元風さんは以前陶芸家という称号で作陶活動を行っていましたが、近年アートを根本から見つめ直し、独自の世界観をつくり、斬新な作品を世に送り出しています。

その一環として今回は、プラチナ箔を散らした特別な日本酒を創作されました。地元の酒造会社とのコラボ作品で、ラベルのデザインも自作のもので、きらびやか。年齢的には古希が視界に入っている時期になりましたが、年齢を超越した気概を感じさせます。私にとって刺激を大いに受ける人のお一人です。

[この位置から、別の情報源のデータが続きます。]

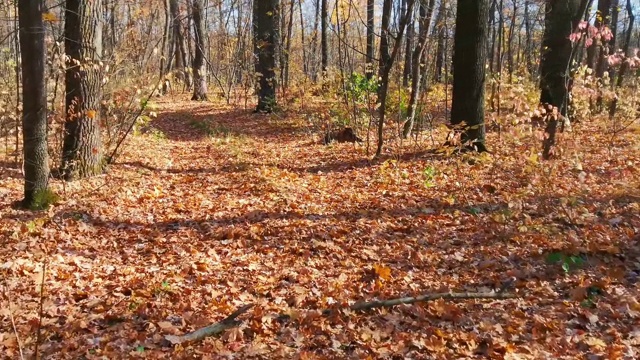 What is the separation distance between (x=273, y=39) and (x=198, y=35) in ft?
18.7

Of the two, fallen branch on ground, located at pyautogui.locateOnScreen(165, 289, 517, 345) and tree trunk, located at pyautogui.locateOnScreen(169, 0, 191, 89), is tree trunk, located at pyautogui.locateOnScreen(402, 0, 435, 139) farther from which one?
fallen branch on ground, located at pyautogui.locateOnScreen(165, 289, 517, 345)

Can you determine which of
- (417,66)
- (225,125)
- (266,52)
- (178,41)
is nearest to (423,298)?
(417,66)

それにしても、今回の地震の被害が心配。私どもの周囲には、能登の人が数多くおり、被災者の救出活動が思うに任せない状況は、辛く、いてもたってもいられない心境です。とにかく、ご無事で、一刻も早く平穏が戻るよう祈るばかりです。

寒さがさらに募る時季。皆様もご自愛下さい。この一年が良い年でありますように。

再生、再会の年 感謝胸に新年へ

いよいよ年が押し詰まってきました。今年一年の片づけと新年準備をしつつ、慌ただしく日々を過ごしています。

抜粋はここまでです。